My daughter thinks I am scary. In actual fact, my daughter will tell you that I am the scariest person in the world. I can ask her, “What’s the scariest thing in all the world?”
She’ll reply, “You are daddy.” Or more accurately, she’ll just point at me silently.
This all started one night, when she got out of bed and came into the living room, as children will inevitably do, and told me she couldn’t sleep. “Why?” I asked her. She said it was because she was scared of what might be outside. Well of course I then asked, “What might be outside?”
“Wolves,” she said.
So I tried to play the ‘everything is nice’ card by telling her, “But wolves are lovely creatures, they’re just like big fluffy dogs. They’re nothing to be scared of.”
“No they’re not,” she said, being her typical contrary self and thus gaining more time out of bed. “They have big teeth and they hunt other animals to kill and eat them. That makes them scary.”
Hmmm, I try a new approach, “Why would the wolves be here? Wolves don’t live in this country and if they did they certainly wouldn’t live in the city.”
“But foxes do and wolves are bigger than foxes so wolves would be better at living in the city” she replied. Damn she’s good I thought.
“Yes but,” I said, realising I’m now just promoting the idea of a post bedtime debate that is essentially just helping her achieve her original goal of not being in bed. “Yes but,” I said, “wolves like to run around and hunt animals. There aren’t enough animals in the city for wolves to hunt.”

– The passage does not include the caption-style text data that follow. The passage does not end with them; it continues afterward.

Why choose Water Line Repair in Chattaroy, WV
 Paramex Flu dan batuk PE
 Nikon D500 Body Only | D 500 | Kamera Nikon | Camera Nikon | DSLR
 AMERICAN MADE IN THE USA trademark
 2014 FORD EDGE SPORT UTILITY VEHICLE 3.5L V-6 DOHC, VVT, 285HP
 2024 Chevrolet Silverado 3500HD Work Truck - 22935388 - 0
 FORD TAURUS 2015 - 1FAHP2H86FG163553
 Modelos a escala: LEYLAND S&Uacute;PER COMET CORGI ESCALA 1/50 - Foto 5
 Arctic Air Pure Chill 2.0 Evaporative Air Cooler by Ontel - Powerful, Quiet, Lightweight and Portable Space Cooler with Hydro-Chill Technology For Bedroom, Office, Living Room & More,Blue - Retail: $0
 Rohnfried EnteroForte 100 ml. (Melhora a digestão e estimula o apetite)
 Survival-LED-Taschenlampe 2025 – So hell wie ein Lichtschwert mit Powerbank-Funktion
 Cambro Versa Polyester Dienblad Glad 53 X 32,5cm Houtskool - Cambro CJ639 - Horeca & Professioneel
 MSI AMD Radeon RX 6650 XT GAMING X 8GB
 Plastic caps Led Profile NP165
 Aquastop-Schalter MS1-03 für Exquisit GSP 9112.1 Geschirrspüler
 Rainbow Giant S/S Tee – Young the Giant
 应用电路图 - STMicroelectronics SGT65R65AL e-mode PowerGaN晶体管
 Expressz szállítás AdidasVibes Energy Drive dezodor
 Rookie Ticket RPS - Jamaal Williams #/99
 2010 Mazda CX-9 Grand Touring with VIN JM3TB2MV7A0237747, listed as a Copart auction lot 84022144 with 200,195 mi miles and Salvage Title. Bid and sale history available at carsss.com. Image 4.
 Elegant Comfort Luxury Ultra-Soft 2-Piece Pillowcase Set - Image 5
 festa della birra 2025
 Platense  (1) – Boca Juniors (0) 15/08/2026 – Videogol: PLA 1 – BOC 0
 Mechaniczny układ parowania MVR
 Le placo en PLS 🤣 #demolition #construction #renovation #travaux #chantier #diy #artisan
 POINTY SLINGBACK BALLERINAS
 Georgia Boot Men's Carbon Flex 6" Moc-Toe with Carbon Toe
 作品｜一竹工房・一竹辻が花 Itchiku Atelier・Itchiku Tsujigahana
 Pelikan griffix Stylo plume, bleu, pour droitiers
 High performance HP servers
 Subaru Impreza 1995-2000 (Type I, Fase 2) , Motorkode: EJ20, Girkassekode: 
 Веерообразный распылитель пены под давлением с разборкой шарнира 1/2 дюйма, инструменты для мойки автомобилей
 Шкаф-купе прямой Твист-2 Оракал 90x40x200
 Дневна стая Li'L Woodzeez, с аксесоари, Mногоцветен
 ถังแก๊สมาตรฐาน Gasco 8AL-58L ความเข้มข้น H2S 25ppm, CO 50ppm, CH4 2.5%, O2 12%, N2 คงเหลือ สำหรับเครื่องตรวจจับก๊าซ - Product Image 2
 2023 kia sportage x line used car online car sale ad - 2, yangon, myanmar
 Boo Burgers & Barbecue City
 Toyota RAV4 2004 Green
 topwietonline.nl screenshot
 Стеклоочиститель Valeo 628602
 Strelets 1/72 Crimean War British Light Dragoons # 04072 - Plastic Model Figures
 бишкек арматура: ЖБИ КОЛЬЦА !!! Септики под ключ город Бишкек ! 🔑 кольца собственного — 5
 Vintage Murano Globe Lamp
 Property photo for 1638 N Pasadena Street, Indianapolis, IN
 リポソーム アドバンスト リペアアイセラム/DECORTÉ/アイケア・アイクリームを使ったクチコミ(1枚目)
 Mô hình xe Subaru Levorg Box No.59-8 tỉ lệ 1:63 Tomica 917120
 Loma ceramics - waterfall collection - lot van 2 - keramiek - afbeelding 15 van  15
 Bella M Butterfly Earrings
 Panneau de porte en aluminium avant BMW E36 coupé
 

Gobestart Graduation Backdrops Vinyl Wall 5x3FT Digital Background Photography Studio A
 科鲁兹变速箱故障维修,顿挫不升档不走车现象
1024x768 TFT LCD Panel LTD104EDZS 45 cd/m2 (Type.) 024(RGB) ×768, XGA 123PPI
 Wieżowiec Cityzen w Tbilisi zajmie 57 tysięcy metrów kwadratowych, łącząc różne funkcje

“That’s why they might try to get me!”
I ran head first into that one. How did I not see that coming? She’s not just good, she’s damn good! So I thought for a moment and then realised this post bedtime, fantastical debate is not lost, I just need a new strategy. There’s no point trying to convince her of something that is clearly true (except in the mind of a bedtime fighting 5 year old) but only gives her reason to argue and as a result, achieve her goal of not being in bed. Instead, why not agree with her but offer a security blanket, something she can hold onto wherever she goes and that can never be left behind. So I say this, “Ok, you’re right, the wolves might come into the city and as there are clearly not enough animals for them to eat, they could come and try to get you. But guess what, you have something they don’t.”
I’ve created intrigue now, brilliant, the debate shifts in my favour. “What’s that?” she asks.
“You’ve got me. And because you’ve got me, the wolves will never come near you and certainly wouldn’t ever dare to hurt you. Do you know why?”
“Because I am the scariest of all the scary things in the world.”
That’s right, it’s bedtime and I’ve just told my 5 year old daughter that the scariest thing in the whole world is sitting right next to her. But you see this doesn’t matter, because now she knows that of all the scary things in the world, the scariest of them all loves HER. And so nothing else can do her any harm, even though she did try to throw a few examples my way:
“What even vampires are scared of you?”
“Yes, even vampires.”
“Yep even zombies.”
All the while I am becoming increasingly concerned about her knowledge of horror characters, until she finally asks, “But what if you’re not here? How will you scare them away?”
To which the reply was and still is, “It’s well known among all scary things that you are my daughter, and there is not a scary thing in this world that is brave enough to upset, hurt or anger the scariest of all the scary things and if anyone or anything were to hurt or upset you, that would make me angry and bring out the scariness.” She then gave me a kiss and went back to bed.
So that is why it’s ok to have my daughter believe I am the scariest thing in all the world. Because what better person is there to protect you?